A savannah monitor lizard is a reptile naturally found in the savannah grasslands of Africa. This scaly animal is gray to brown in coloring, with brown and yellow rings on its tail, and a blue tongue that is snake-like. In addition, the savannah monitor lizard has a double-toothed crest, front legs with sharp claws, and a tapered tail. Also, it is able to turn its head in every direction. An adult savannah monitor lizard weighs approximately 11 to 13 pounds (about 5 to 6 kilograms), and it is approximately between 3 and 5 feet (about 1 to 1.5 meters) in length.

There are a few differences between the male and female savannah monitor lizard. In general, the male monitor is slightly larger in size than the female monitor. Also, the male monitor exhibits a shorter tail while the female monitor usually has a heavier body. As a territorial creature, the male monitor will hiss, as well as thrash its tail, before it strikes at another male. Overall, the monitor will avoid interacting with humans if possible and might even pretend to be dead in the presence of a human being, in an attempt to evade capture.


The female monitor will lay her eggs, between 20 and 50 at a time, in a hole or termite mound. These eggs hatch in the months of March and April, and the hatchlings measure approximately 4.72 inches (120 millimeters) in length and weigh 0.02 pounds (about 0.01 kilograms). Even though they are so small, the hatchlings will experience rapid growth during their first months of life. To avoid predators after hatching, a young monitor will remain in burrows or trees. In contrast, an adult monitor will usually reside on the ground.

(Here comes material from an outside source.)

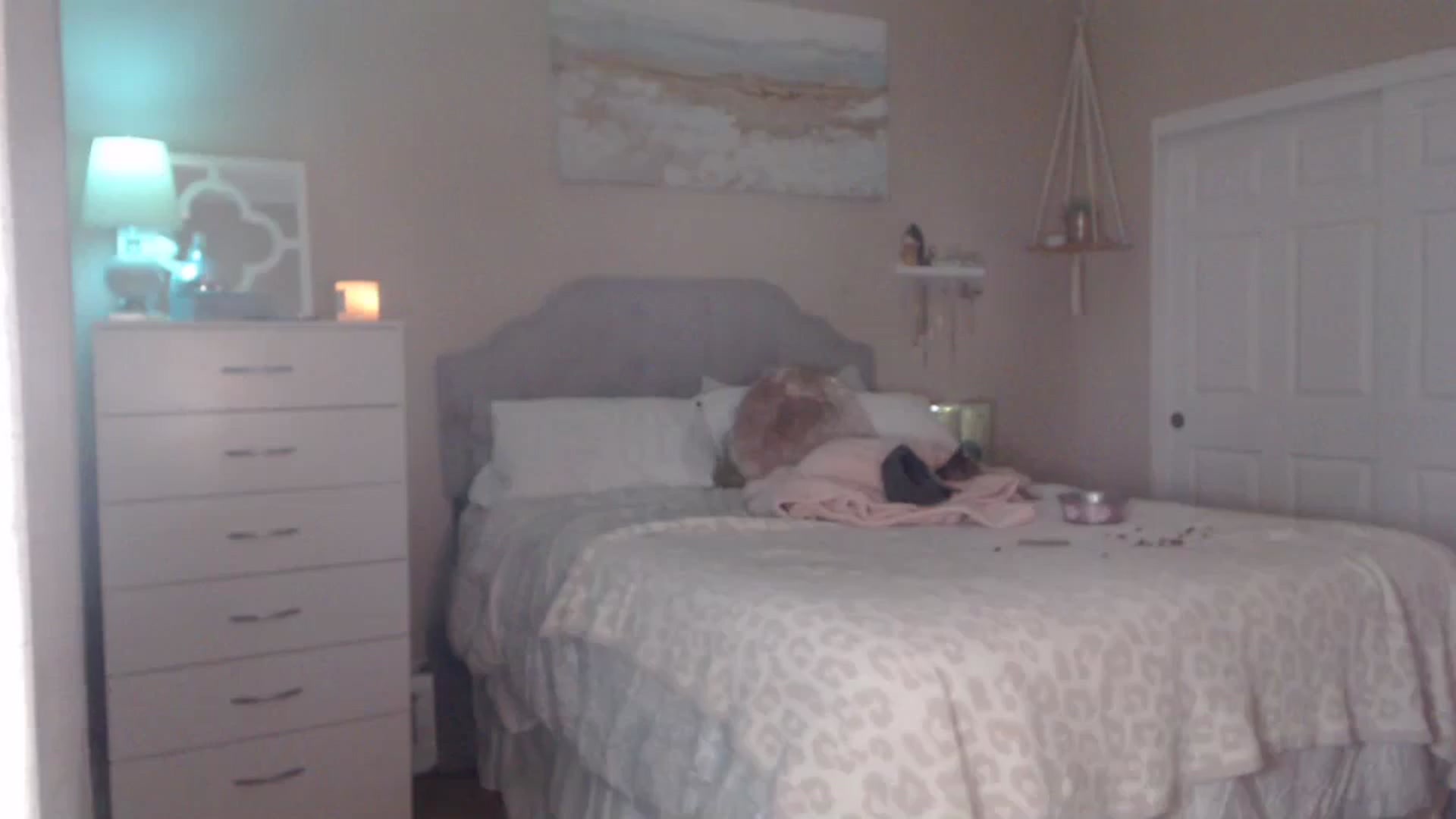 Gallery image thumbnail from Queen_bambii's myfreecams stream on, 10/05/2023, 08:24 image 17 of 20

Like snakes, the savannah monitor lizard can eat prey that is bigger in size than itself. For an adult, food consists of an array of animals including birds, carrion and small mammals, as well as snails and snakes. A young monitor will eat insects. The monitor’s active and dormant periods affect its intake of food, as the animal is active in daylight when it is warm, and dormant when the weather is cool, or if there is a drought. During the wet season, the monitor will eat as much as it can because there is plenty of food, and during the dry season, the monitor will survive off its fat reserves because it is dormant.